Quilombola da comunidade do Engenho, Dalila Reis Martins, de 28 anos, contou na audiência pública que meninas kalungas vêm sendo submetidas há décadas ao trabalho infantil e a abuso sexual. Muitas delas seriam vítimas de uma rede de aliciadores que levaria meninas quilombolas para Brasília, Goiânia e Minaçu (norte de Goiás). Dalila passou por essas violações durante a infância e a adolescência. Foi submetida a trabalho infantil em Cavalcante e Brasília. Hoje trabalha para acolher outras meninas quilombolas na mesma situação.
"Já ajudei oito meninas, nove com a última agora, já ajudei a sair das casas das pessoas. É PM, é gente que trabalha no Ministério Público, é gente que trabalha na Esplanada, é advogado que sabe que não pode fazer isso", aponta Dalila, para quem o problema só vai se resolver com políticas públicas. “As famílias quilombolas estão vulneráveis por falta de apoio para desenvolver atividades econômicas, agrícolas, por falta de escolas, espaços de esporte e lazer. Vemos os pais de muitas meninas no alcoolismo e não sabemos como ajudar. São essas meninas que acabam indo para o trabalho doméstico e, em seguida, são submetidas a abuso e à exploração sexual.”
A Polícia Civil de Cavalcante ainda não abriu inquéritos para investigar a possível existência de uma rede de aliciadores de meninas quilombolas para o trabalho infantil doméstico em outras cidades. O Ministério Público local, no entanto, confirma que tem recebido denúncias sobre meninas que são levadas da comunidade quilombola Kalunga para Brasília e Goiânia. O delegado da Polícia Civil Diogo Barreira diz que há poucos agentes para fazer as investigações. Ele responde pelas delegacias de Cavalcante e Alto Paraíso, ambos na região da Chapada dos Veadeiros. “Os últimos concursos priorizaram as grandes cidades, que precisam de policiamento, mas o interior ficou desguarnecido.”
A deputada estadual de Goiás Adriana Accorsi (PT) acompanhou a audiência pública em Cavalcante e recebeu vários relatos de policiais sobre a falta de estrutura para o trabalho. “Falta até mesmo carro adequado para operações nas áreas rurais e quilombolas. A delegacia não conta com agentes ou psicólogos capacitados para ouvir as vítimas de violência sexual”, conta a deputada, que também é delegada da Polícia Civil. Ela e outros deputados estaduais presentes na audiência comprometeram-se a pressionar o governo de Goiás a reforçar as ações e políticas públicas em Cavalcante.

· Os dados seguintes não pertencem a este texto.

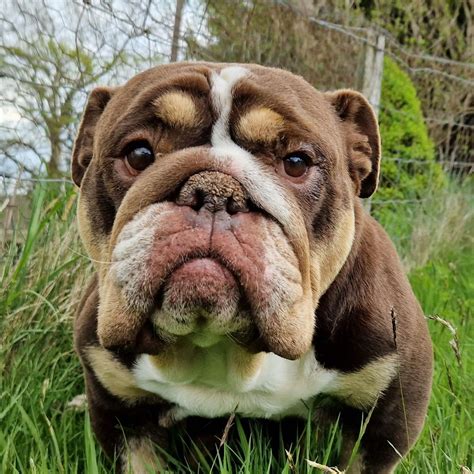 Brown English Bulldog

O prefeito da cidade, João Neto, afirma que o orçamento do município é insuficiente para todas as demandas dos 10 mil habitantes.“Não queremos acobertar nada e ninguém. Mas temos um município extenso, com uma área rural grande, e que demanda muitos recursos. Clamo para que os governos estadual e federal nos auxiliem”, destaca. “Temos uma cidade bonita, com muitos atrativos naturais e que não pode ficar mais conhecida pela violência sexual contra suas meninas do que por suas riquezas naturais e pela sua diversidade cultural.”